Troubleshooting strategy for very poor iSCSI/NFS performance
We have a new Synology RS3412RPxs that offers iSCSI targets to three Windows 2008 R2 boxes and NFS to one OpenBSD 5.0 box.
Logging into the RS3412 with ssh and reading/writing both small files and 6GB files using dd and various blocksizes show great disk I/O performance.
Using dd or iometer on the iSCSI/NFS clients, we reach up to 20Mbps (That's not a typo. Twenty Mbps). We were kinda hoping to make better use of the multiple Gbit NICs in the Synology.
I've verified switch and NIC port configuration is set to gigabit, not auto-negotiate. We've tried with and without Jumboframes with no difference. I've verified with ping that the MTU is currently 9000. Two firmware upgrades have been deployed.

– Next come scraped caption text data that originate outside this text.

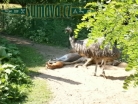 ZOO Plzeň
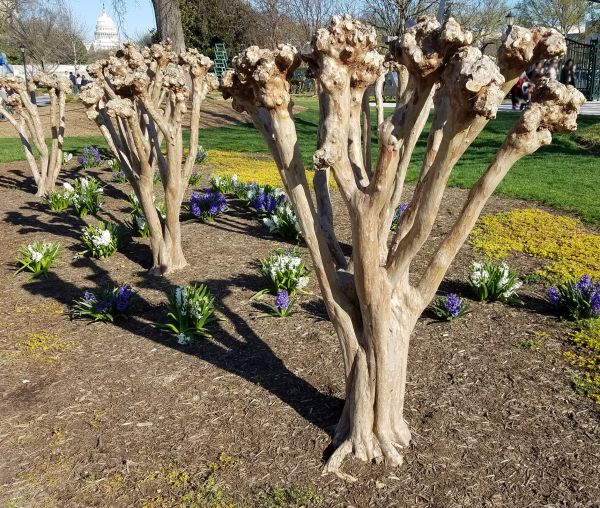 Myrtle Tree Removal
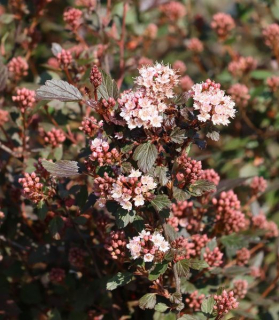Physocarpus opulifolius 'Little Joker'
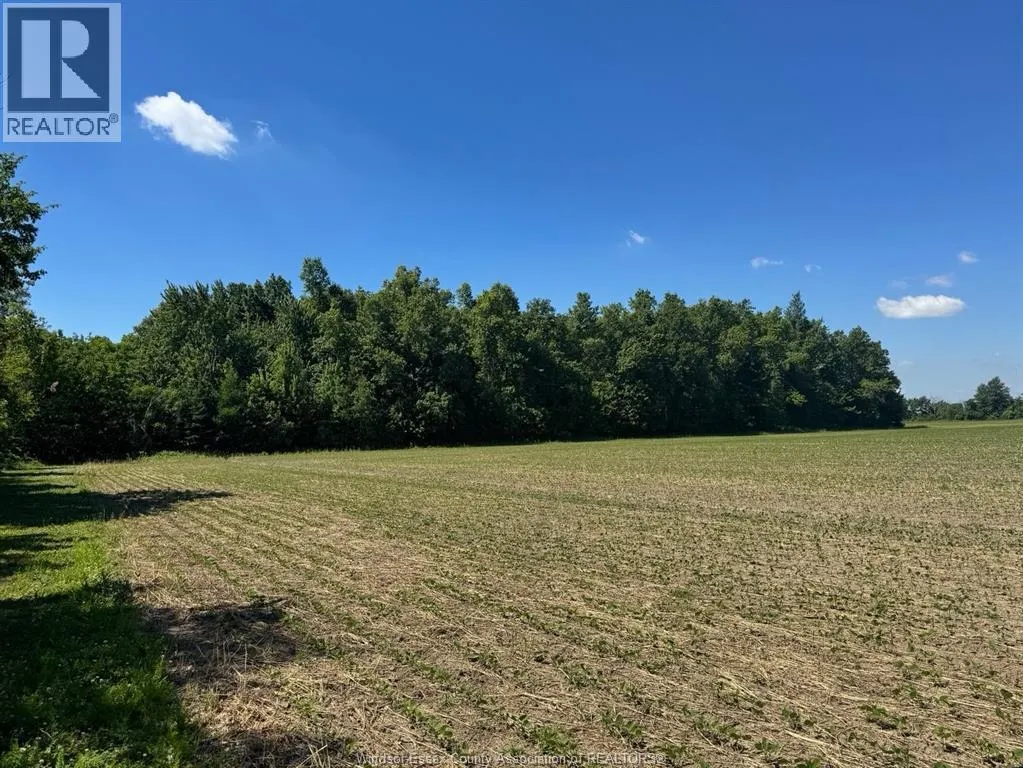 9773 9TH CONCESSION RD.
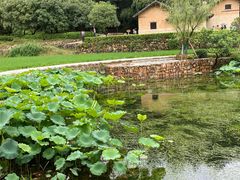 -韶山毛泽东同志故居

I am going to try direct link between the iSCSI target and initiator to rule out switch problems, but what are my other options?
If I break out wireshark/tcpdump, what do I look for?
As seems to be the common theme here, take another look at the flow control settings on the switch(es). If the switch(es) have Ethernet counter statistics take a look at them and see if there are a large number of Ethernet PAUSE frames. If so, that's probably your problem. In general, disabling QOS on the switch(es) resolves this problem.
Flows like that suggest to me that the various TCP flow-controls methods aren't working right. I've seen some problems with Linux-kernels talking with post-Vista Windows versions and you get throughputs like that. They tend to show up pretty well in Wireshark once you take a look.
The absolute worst possibility is that TCP delayed ack is completely broken and you'll see a traffic pattern that looks like:
packet
packet
[ack]
packet
packet
[ack]
I've solved that one by applying NIC driver updates to the Windows servers. The smart NICs that come with some (broadcom) servers can sometimes fail in interesting ways, and this is one.
A normal traffic pattern would be a large number of packets followed by an Ack packet.
The other thing to look for are long delays. Suspicious values are .2 seconds and 1.0 seconds. That suggests that one side isn't getting what it's expecting and is waiting for a timeout to expire before replying. Combine the above bad packet pattern with a 200ms delay for the ACK and you get throughputs of a whopping 1MB/s.
Those are the easy-to-notice bad traffic patterns.
I haven't worked with that kind of NAS device so don't know how tweakable it is to fix whatever is found.